Curator and Conductor
German conductor Christian Reif joined the San Francisco Symphony as Resident Conductor and Wattis Foundation Music Director of the San Francisco Symphony Youth Orchestra in the 2016-17 season. He was previously Conducting Fellow with the New World Symphony in Miami, where he was mentored by Michael Tilson Thomas. Mr. Reif completed his master of music in conducting at the Juilliard School under Alan Gilbert, where he received the Charles Schiff Conducting Award. He also studied with Dennis Russell Davies at the Mozarteum Salzburg. Mr. Reif is currently a member of Germany's Conductor's Forum where he was named one of their “Maestros of Tomorrow.” He was Conducting Fellow at the Tanglewood Music Center in 2015 and 2016 and has also worked as assistant and cover conductor for the Los Angeles Philharmonic, Boston Symphony Orchestra, and for the New York Philharmonic Biennial. Mr. Reif won the German Operetta Prize 2015, awarded by the German Music Council. In the 2017-18 season, Mr. Reif makes his debut with the Orchestre National de Lyon and the Bruckner Orchestra Linz, works with the San Francisco Conservatory of Music Orchestra, and makes return engagements with the Berkeley Symphony, Deutsche Staatsphilharmonie Rheinland-Pfalz, and the Lakes Area Music Festival. His enthusiasm in performing contemporary music has led to many world premiere performances, including Michael Gordon’s El Sol Caliente, a city symphony in honor of Miami Beach’s centennial; and concertos for DJ and orchestra, performed at the New World Symphony’s PULSE events. A dedicated and enthusiastic educator, Mr. Reif has also worked as a teaching fellow at the Juilliard School. He hosted and conducted education concerts with the New World Symphony, which were also webcast globally.
Artists
As performer, curator, and educator, the artist collective International Contemporary Ensemble (ICE) explores how new music intersects with communities across the world.
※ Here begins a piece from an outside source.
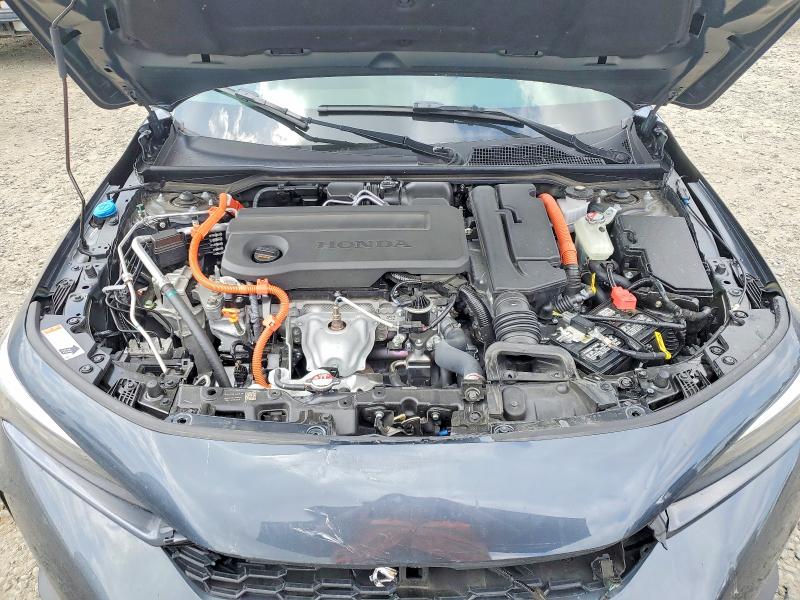 Продажа на аукционе авто 2025 Honda Civic, vin: 19XFL4H91SE003303, номер лота: 54476216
The ensemble’s thirty-five members are featured as soloists, chamber musicians, commissioners, and collaborators with the foremost musical artists of our time. Works by emerging composers have anchored ICE’s programming since its founding in 2001, and the group’s recordings and digital platforms highlight the many voices that weave music’s present.
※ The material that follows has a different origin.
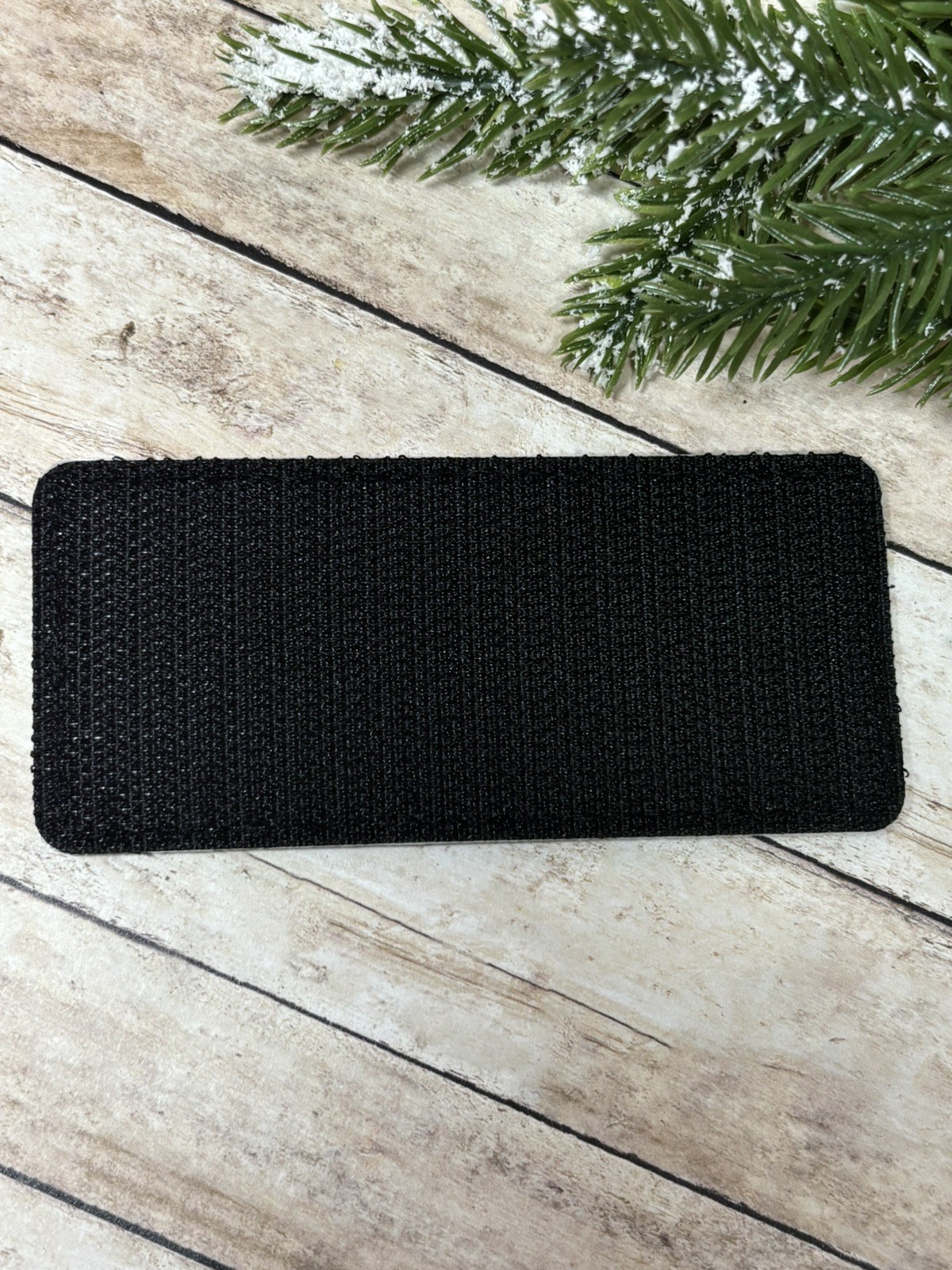 The Darkside PVC Patch - Tactical Morale Patch - Vader Patch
A recipient of the American Music Center’s Trailblazer Award and the Chamber Music America/ASCAP Award for Adventurous Programming, ICE was also named the 2014 Musical America Ensemble of the Year. The group currently serves as Artists-in-Residence at Lincoln Center’s Mostly Mozart Festival, and previously led a five-year residency at the Museum of Contemporary Art in Chicago. ICE was featured at the Ojai Music Festival from 2015 to 2017, and at recent festivals abroad such as gmem-CNCM-marseille and Vértice at Cultura UNAM, Mexico City. Other performance venues have included the Park Avenue Armory, The Stone, ice floes at Greenland’s Diskotek Sessions, and boats on the Amazon River.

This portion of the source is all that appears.